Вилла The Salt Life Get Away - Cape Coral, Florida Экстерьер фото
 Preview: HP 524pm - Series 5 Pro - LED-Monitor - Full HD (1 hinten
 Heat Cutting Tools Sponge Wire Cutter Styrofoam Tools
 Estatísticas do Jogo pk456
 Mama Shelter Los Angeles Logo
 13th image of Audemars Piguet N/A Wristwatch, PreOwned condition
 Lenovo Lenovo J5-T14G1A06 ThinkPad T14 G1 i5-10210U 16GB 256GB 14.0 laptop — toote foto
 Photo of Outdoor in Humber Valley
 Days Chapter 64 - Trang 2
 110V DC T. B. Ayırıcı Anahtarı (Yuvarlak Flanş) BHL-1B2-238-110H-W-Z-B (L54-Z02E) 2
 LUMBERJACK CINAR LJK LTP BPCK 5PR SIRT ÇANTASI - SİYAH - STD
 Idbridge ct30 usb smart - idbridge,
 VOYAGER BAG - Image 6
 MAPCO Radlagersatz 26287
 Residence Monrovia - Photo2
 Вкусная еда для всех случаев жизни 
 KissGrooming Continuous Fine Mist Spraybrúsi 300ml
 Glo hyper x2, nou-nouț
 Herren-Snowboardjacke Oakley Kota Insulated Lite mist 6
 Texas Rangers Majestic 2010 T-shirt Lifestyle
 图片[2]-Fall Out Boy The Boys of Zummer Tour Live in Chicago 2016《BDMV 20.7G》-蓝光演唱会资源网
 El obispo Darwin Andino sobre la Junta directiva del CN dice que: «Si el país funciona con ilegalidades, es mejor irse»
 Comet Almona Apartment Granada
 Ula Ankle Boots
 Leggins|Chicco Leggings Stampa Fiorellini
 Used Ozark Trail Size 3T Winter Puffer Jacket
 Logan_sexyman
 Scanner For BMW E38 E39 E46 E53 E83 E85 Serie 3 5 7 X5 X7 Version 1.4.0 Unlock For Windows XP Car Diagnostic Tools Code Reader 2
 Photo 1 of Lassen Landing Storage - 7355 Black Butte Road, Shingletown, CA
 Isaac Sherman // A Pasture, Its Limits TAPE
══════════
What you are asked to do »
Your answer should repeat every entry exactly.

Output »
Вилла The Salt Life Get Away - Cape Coral, Florida Экстерьер фото
 Preview: HP 524pm - Series 5 Pro - LED-Monitor - Full HD (1 hinten
 Heat Cutting Tools Sponge Wire Cutter Styrofoam Tools
 Estatísticas do Jogo pk456
 Mama Shelter Los Angeles Logo
 13th image of Audemars Piguet N/A Wristwatch, PreOwned condition
 Lenovo Lenovo J5-T14G1A06 ThinkPad T14 G1 i5-10210U 16GB 256GB 14.0 laptop — toote foto
 Photo of Outdoor in Humber Valley
 Days Chapter 64 - Trang 2
 110V DC T. B. Ayırıcı Anahtarı (Yuvarlak Flanş) BHL-1B2-238-110H-W-Z-B (L54-Z02E) 2
 LUMBERJACK CINAR LJK LTP BPCK 5PR SIRT ÇANTASI - SİYAH - STD
 Idbridge ct30 usb smart - idbridge,
 VOYAGER BAG - Image 6
 MAPCO Radlagersatz 26287
 Residence Monrovia - Photo2
 Вкусная еда для всех случаев жизни 
 KissGrooming Continuous Fine Mist Spraybrúsi 300ml
 Glo hyper x2, nou-nouț
 Herren-Snowboardjacke Oakley Kota Insulated Lite mist 6
 Texas Rangers Majestic 2010 T-shirt Lifestyle
 图片[2]-Fall Out Boy The Boys of Zummer Tour Live in Chicago 2016《BDMV 20.7G》-蓝光演唱会资源网
 El obispo Darwin Andino sobre la Junta directiva del CN dice que: «Si el país funciona con ilegalidades, es mejor irse»
 Comet Almona Apartment Granada
 Ula Ankle Boots
 Leggins|Chicco Leggings Stampa Fiorellini
 Used Ozark Trail Size 3T Winter Puffer Jacket
 Logan_sexyman
 Scanner For BMW E38 E39 E46 E53 E83 E85 Serie 3 5 7 X5 X7 Version 1.4.0 Unlock For Windows XP Car Diagnostic Tools Code Reader 2
 Photo 1 of Lassen Landing Storage - 7355 Black Butte Road, Shingletown, CA
 Isaac Sherman // A Pasture, Its Limits TAPE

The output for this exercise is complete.